Comparing lists

Tue Oct 11 13:08:23 EDT 2005

"Scott David Daniels" <scott.daniels at acm.org> wrote in message
news:434ba977 at nntp0.pdx.net...
> Christian Stapfer wrote:
>> "Steve Holden" <steve at holdenweb.com> wrote in message
>> news:mailman.1843.1128959845.509.python-list at python.org...
>>
>>>Christian Stapfer wrote:
>>>
>>>>"George Sakkis" <gsakkis at rutgers.edu> wrote in message
>>>>news:1128952417.0544cc73190bbbd4e683448c137969c8 at teranews...
>>>>
>>>>
>>>>>"Christian Stapfer" <nil at dev.nul> wrote:
>>>>>
>>>>>><ajikoe at gmail.com> wrote:
>>>>>>>try to use set.
> A reasonable suggestion.  A set must have the trade-offs involved.
> The abstraction itself brings to mind the issues, and the performance
> can, at least in theory, be handled there.  If that is true (that
> the "set" abstraction "sees" the problem), then you can rely on the
> Python implementation of "set" to either now, or eventually, have
> a "good" implementation -- one not too far off efficient.

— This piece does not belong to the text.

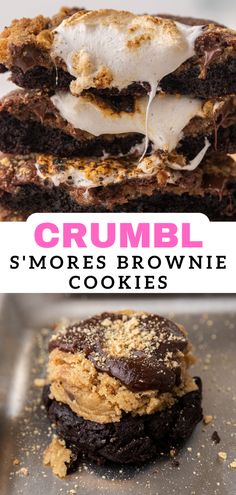 some cookies are stacked on top of each other and the words crumbl s'mores brownie cookies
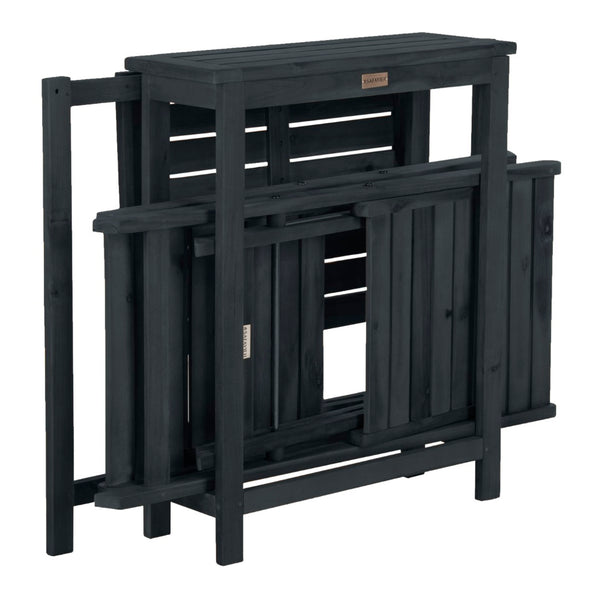 Safavieh GALLO Outdoor Bistro Set - Elegant Two-Piece Patio Furniture for Charming Balcony Dining Spaces Dark Slate Gray PAT6751B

It is, unfortunately, not infrequently the case
that there are different implementations for
a given data type that are efficient in different
ways - but that there is no one single implementation
that is the most efficient in *all* regards.
Thus the implementer must make a trade-off,
and that trade-off has consequences, performance
wise, that he might want to tell the users of his
module about...

>  The Python gang is good at this stuff;

I'm not denying it. The question is about
telling users upfront what the consequences
are (roughly) of the trade-offs that have
been made so that they can use the modules
that have been provided more effectively.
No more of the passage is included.